• _AIM OF THE TASK_
Your answer must hold only the lines below from the line containing "DEATHCLAW!!!! | Fallout" through the line containing "El Asistente de", each reproduced exactly.

• _INPUT DATA_
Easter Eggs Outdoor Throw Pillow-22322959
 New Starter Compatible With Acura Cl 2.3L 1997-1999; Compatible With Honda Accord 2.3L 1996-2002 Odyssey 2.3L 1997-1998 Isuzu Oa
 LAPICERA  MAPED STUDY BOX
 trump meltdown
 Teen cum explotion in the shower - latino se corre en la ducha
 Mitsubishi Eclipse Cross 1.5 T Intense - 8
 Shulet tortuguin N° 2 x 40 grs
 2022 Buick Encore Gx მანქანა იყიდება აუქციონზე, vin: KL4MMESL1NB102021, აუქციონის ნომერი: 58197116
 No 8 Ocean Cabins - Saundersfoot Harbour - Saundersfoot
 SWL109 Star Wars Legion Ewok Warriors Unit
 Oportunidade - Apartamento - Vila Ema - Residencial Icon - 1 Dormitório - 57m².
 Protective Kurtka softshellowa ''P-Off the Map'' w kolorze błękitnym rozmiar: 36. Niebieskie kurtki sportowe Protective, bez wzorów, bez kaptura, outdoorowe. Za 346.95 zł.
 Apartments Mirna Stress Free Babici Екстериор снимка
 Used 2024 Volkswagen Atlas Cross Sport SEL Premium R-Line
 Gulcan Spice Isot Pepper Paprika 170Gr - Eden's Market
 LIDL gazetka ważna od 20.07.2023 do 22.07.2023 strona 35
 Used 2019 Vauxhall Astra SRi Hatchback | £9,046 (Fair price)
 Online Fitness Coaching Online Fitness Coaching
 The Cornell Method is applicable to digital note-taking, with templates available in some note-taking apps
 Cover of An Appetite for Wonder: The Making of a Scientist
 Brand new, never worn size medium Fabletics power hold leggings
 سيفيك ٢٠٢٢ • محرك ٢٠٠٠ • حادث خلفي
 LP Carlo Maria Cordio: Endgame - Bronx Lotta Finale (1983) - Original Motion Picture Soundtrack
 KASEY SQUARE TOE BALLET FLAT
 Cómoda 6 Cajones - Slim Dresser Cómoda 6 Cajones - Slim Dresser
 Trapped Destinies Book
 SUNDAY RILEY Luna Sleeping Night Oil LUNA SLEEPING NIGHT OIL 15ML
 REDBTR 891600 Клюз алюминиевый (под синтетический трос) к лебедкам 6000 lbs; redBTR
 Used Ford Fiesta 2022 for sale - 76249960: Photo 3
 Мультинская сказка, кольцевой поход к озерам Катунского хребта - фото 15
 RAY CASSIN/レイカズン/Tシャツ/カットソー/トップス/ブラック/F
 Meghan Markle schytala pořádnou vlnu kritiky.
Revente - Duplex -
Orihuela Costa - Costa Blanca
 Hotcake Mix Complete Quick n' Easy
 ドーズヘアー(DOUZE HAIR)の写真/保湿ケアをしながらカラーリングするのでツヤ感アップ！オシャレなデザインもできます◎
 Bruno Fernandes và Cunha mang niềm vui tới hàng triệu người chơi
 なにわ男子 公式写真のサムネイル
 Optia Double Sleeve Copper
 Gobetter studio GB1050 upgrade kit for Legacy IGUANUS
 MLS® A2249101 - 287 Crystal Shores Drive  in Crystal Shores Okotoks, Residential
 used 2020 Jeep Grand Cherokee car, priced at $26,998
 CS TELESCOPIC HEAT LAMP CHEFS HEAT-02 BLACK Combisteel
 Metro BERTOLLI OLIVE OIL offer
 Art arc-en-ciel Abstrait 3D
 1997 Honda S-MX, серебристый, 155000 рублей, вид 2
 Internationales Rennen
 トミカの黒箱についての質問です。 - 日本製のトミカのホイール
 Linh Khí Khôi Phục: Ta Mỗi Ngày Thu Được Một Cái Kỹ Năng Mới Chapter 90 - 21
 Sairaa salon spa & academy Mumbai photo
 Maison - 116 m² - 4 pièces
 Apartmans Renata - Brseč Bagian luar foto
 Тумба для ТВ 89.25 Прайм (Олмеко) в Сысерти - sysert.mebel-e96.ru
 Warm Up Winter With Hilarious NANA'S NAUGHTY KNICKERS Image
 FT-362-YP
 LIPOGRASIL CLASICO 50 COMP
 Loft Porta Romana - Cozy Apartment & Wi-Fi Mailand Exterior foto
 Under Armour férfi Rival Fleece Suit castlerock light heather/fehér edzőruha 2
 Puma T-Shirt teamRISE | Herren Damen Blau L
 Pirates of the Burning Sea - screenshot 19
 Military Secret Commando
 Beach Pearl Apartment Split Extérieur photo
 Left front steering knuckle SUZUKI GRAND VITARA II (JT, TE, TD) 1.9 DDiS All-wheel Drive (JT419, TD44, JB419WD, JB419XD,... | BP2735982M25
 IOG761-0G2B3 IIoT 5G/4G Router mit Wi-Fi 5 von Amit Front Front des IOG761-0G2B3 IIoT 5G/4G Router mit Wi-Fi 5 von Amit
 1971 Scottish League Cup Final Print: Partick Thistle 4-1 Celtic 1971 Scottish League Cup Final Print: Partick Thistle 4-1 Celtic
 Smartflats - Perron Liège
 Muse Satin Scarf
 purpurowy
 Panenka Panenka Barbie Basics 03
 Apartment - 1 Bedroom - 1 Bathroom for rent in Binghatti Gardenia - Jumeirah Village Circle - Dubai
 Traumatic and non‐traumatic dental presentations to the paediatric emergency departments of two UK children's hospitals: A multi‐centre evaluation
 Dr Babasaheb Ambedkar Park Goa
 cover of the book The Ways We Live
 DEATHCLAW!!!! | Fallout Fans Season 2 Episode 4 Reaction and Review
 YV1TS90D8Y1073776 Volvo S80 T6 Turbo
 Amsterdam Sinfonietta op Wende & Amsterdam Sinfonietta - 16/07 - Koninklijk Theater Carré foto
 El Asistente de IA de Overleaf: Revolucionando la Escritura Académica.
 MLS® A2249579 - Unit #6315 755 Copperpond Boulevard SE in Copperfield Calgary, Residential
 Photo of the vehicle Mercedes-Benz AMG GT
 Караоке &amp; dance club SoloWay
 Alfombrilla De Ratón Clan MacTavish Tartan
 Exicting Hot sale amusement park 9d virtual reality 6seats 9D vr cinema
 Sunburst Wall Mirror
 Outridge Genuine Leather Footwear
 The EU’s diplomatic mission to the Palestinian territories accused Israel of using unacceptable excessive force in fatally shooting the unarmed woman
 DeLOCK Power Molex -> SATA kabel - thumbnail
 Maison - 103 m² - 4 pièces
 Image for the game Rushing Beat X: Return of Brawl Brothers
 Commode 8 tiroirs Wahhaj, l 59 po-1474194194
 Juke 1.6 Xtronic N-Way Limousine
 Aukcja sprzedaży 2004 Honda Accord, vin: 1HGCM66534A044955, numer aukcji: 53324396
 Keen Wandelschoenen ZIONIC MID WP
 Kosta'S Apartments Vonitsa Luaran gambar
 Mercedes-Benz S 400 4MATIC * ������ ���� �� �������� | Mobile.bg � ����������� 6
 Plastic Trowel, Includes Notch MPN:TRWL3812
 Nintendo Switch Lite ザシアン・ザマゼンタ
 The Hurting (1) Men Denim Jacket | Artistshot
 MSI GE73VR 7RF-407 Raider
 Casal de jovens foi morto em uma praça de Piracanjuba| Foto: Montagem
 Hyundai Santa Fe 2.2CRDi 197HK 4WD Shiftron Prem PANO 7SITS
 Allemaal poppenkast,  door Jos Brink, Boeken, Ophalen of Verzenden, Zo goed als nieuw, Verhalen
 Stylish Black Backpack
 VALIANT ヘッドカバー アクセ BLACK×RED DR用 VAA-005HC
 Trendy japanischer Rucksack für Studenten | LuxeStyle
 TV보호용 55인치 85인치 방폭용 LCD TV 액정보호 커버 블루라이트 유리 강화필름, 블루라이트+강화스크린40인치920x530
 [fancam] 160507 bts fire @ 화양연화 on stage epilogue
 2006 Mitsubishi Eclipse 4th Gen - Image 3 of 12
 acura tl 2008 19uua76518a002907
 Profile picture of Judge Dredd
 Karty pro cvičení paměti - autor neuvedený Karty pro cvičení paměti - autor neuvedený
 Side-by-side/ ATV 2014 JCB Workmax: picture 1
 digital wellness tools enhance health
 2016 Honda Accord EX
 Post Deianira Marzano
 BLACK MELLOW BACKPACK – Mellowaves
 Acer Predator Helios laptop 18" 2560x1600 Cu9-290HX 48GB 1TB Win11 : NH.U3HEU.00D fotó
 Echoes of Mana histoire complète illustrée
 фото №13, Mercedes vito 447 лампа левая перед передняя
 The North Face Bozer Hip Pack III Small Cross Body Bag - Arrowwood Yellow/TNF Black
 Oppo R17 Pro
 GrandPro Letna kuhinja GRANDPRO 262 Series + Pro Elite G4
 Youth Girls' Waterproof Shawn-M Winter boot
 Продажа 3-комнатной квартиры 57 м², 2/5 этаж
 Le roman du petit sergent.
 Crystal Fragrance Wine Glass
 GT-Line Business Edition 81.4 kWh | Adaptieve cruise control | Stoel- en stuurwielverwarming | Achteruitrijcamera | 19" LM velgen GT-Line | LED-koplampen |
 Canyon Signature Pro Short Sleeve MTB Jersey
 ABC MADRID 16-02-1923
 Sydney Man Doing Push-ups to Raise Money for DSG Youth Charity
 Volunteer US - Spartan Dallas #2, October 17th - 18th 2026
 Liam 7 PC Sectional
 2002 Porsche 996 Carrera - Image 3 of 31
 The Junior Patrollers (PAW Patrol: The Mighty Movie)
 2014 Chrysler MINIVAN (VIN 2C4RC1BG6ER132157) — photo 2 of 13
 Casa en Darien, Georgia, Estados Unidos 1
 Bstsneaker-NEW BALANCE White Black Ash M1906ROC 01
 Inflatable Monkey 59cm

• _SOLVED EXERCISE_
 DEATHCLAW!!!! | Fallout Fans Season 2 Episode 4 Reaction and Review
 YV1TS90D8Y1073776 Volvo S80 T6 Turbo
 Amsterdam Sinfonietta op Wende & Amsterdam Sinfonietta - 16/07 - Koninklijk Theater Carré foto
 El Asistente de IA de Overleaf: Revolucionando la Escritura Académica.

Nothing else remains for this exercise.